Atlas Roofing Shrugged

I've finally had a chance to finish Jarkesy v. SEC. There is no reason for that opinion to have been nearly 100 pages. The Justices need to grant more cases, reduce the time of oral argument, and spend less time writing encyclopedias. I could read Atlas Shrugged three times, and it would still take less time than reading through all the Court's decisions from this term. Some of the majority opinions are longer than the John Galt speech. Speaking of Rand…

From the 1930s through 2010, the Securities and Exchange Commission (SEC) would seek civil penalties in federal court. But that practice changed with the Dodd Frank Act, which gave the SEC the choice to bring suit in federal court, or through "in-house" adjudications before an ALJ. Unsurprisingly, the SEC prefers Door #2. The government is more likely to win before an administrative law judge. Moreover, the rules favor the government, as the Federal Rules of Civil Procedure and Evidence do not apply to these internal proceedings. And if the defendant appeals the agency's ruling to federal court, the ALJ's findings are nearly dispositive. Justice Gorsuch's concurrence well explains how this process is stacked against the accused.

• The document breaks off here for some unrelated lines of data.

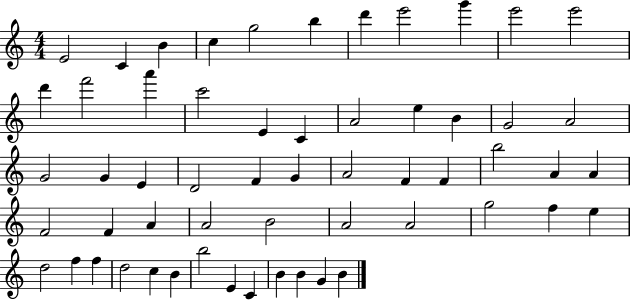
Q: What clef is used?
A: treble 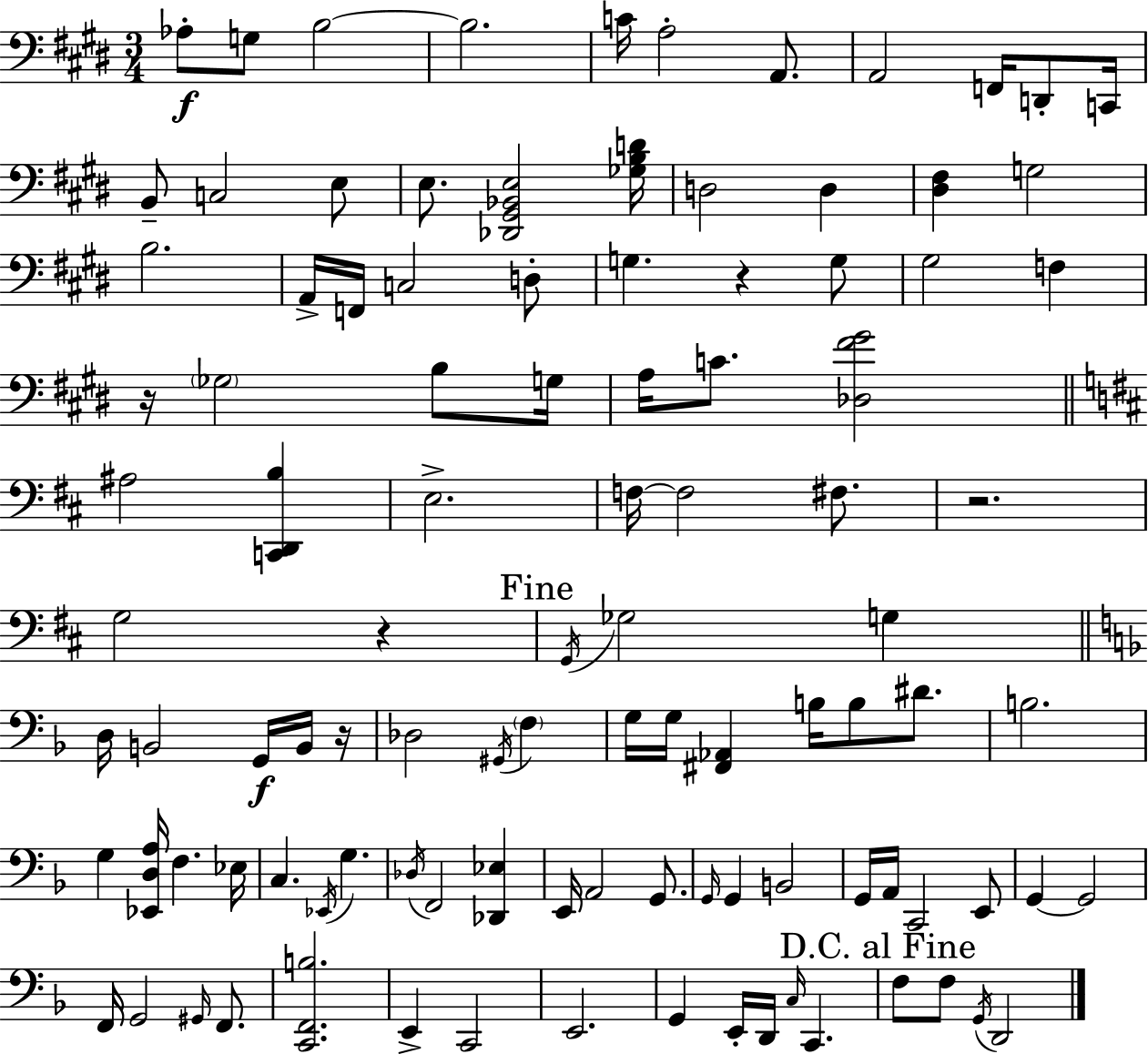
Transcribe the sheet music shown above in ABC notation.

X:1
T:Untitled
M:3/4
L:1/4
K:E
_A,/2 G,/2 B,2 B,2 C/4 A,2 A,,/2 A,,2 F,,/4 D,,/2 C,,/4 B,,/2 C,2 E,/2 E,/2 [_D,,^G,,_B,,E,]2 [_G,B,D]/4 D,2 D, [^D,^F,] G,2 B,2 A,,/4 F,,/4 C,2 D,/2 G, z G,/2 ^G,2 F, z/4 _G,2 B,/2 G,/4 A,/4 C/2 [_D,^F^G]2 ^A,2 [C,,D,,B,] E,2 F,/4 F,2 ^F,/2 z2 G,2 z G,,/4 _G,2 G, D,/4 B,,2 G,,/4 B,,/4 z/4 _D,2 ^G,,/4 F, G,/4 G,/4 [^F,,_A,,] B,/4 B,/2 ^D/2 B,2 G, [_E,,D,A,]/4 F, _E,/4 C, _E,,/4 G, _D,/4 F,,2 [_D,,_E,] E,,/4 A,,2 G,,/2 G,,/4 G,, B,,2 G,,/4 A,,/4 C,,2 E,,/2 G,, G,,2 F,,/4 G,,2 ^G,,/4 F,,/2 [C,,F,,B,]2 E,, C,,2 E,,2 G,, E,,/4 D,,/4 C,/4 C,, F,/2 F,/2 G,,/4 D,,2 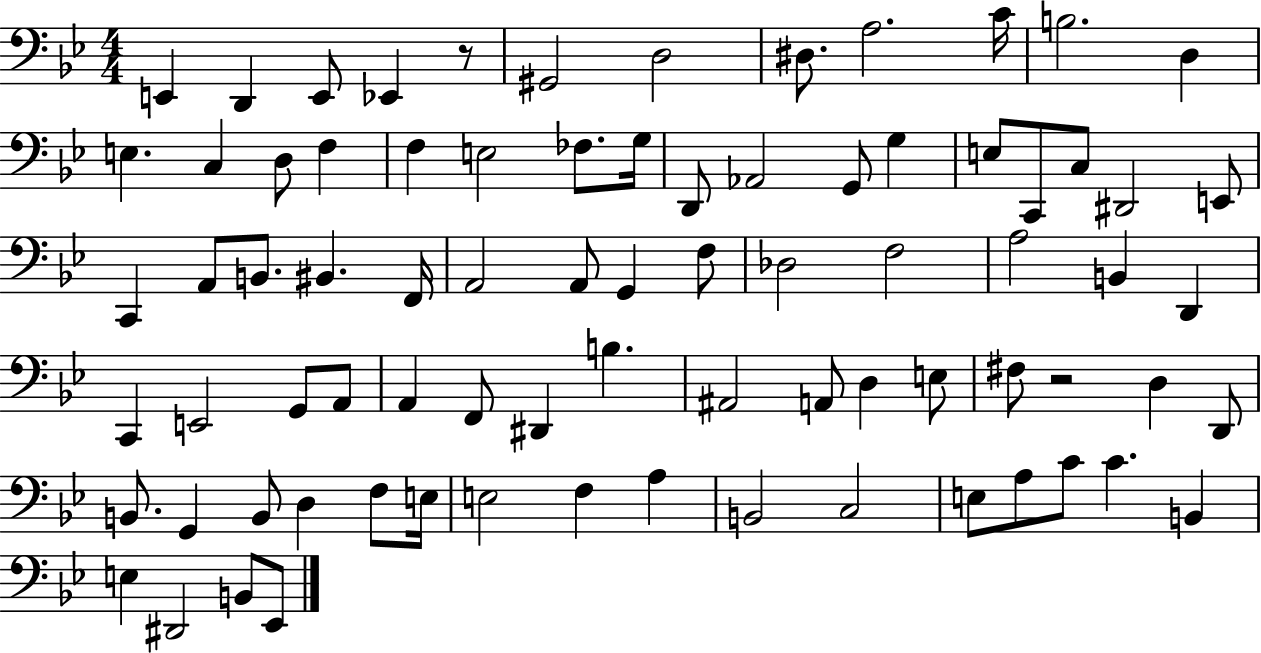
{
  \clef bass
  \numericTimeSignature
  \time 4/4
  \key bes \major
  e,4 d,4 e,8 ees,4 r8 | gis,2 d2 | dis8. a2. c'16 | b2. d4 | \break e4. c4 d8 f4 | f4 e2 fes8. g16 | d,8 aes,2 g,8 g4 | e8 c,8 c8 dis,2 e,8 | \break c,4 a,8 b,8. bis,4. f,16 | a,2 a,8 g,4 f8 | des2 f2 | a2 b,4 d,4 | \break c,4 e,2 g,8 a,8 | a,4 f,8 dis,4 b4. | ais,2 a,8 d4 e8 | fis8 r2 d4 d,8 | \break b,8. g,4 b,8 d4 f8 e16 | e2 f4 a4 | b,2 c2 | e8 a8 c'8 c'4. b,4 | \break e4 dis,2 b,8 ees,8 | \bar "|."
} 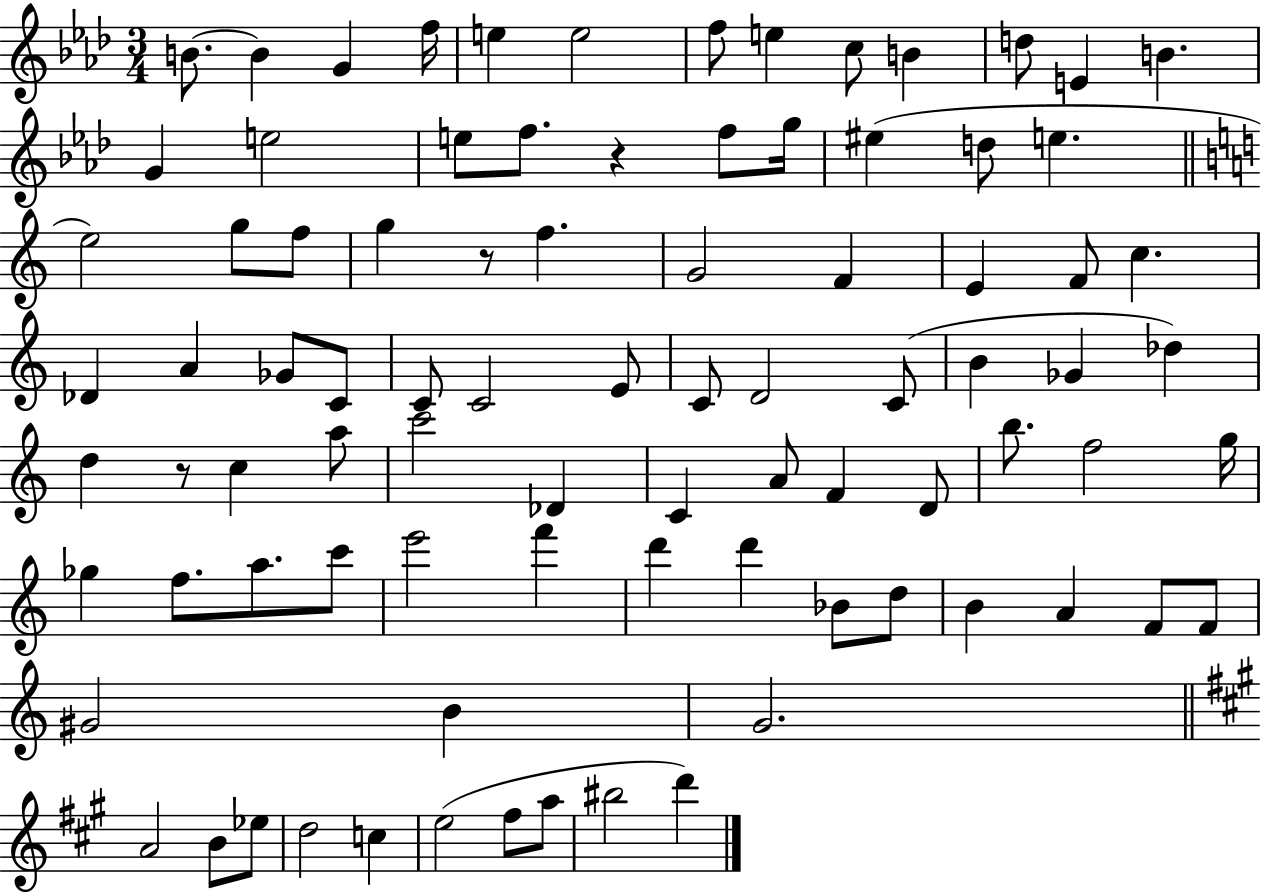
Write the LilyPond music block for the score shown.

{
  \clef treble
  \numericTimeSignature
  \time 3/4
  \key aes \major
  b'8.~~ b'4 g'4 f''16 | e''4 e''2 | f''8 e''4 c''8 b'4 | d''8 e'4 b'4. | \break g'4 e''2 | e''8 f''8. r4 f''8 g''16 | eis''4( d''8 e''4. | \bar "||" \break \key a \minor e''2) g''8 f''8 | g''4 r8 f''4. | g'2 f'4 | e'4 f'8 c''4. | \break des'4 a'4 ges'8 c'8 | c'8 c'2 e'8 | c'8 d'2 c'8( | b'4 ges'4 des''4) | \break d''4 r8 c''4 a''8 | c'''2 des'4 | c'4 a'8 f'4 d'8 | b''8. f''2 g''16 | \break ges''4 f''8. a''8. c'''8 | e'''2 f'''4 | d'''4 d'''4 bes'8 d''8 | b'4 a'4 f'8 f'8 | \break gis'2 b'4 | g'2. | \bar "||" \break \key a \major a'2 b'8 ees''8 | d''2 c''4 | e''2( fis''8 a''8 | bis''2 d'''4) | \break \bar "|."
}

The crux of Chief Justice Roberts's majority opinion is that the SEC must bring suit for civil penalties in a federal court, where a jury trial is available under the Seventh Amendment. To be frank, I'm not sure that Jarkesy really cares about having a jury. Rather, he would prefer to be in a federal court with a neutral Article III judges, and all of the protections of the Federal Rules of Civil Procedure and Evidence. I question how many SEC suits brought in federal court wind up before a jury trial. The Seventh Amendment is a means to an end.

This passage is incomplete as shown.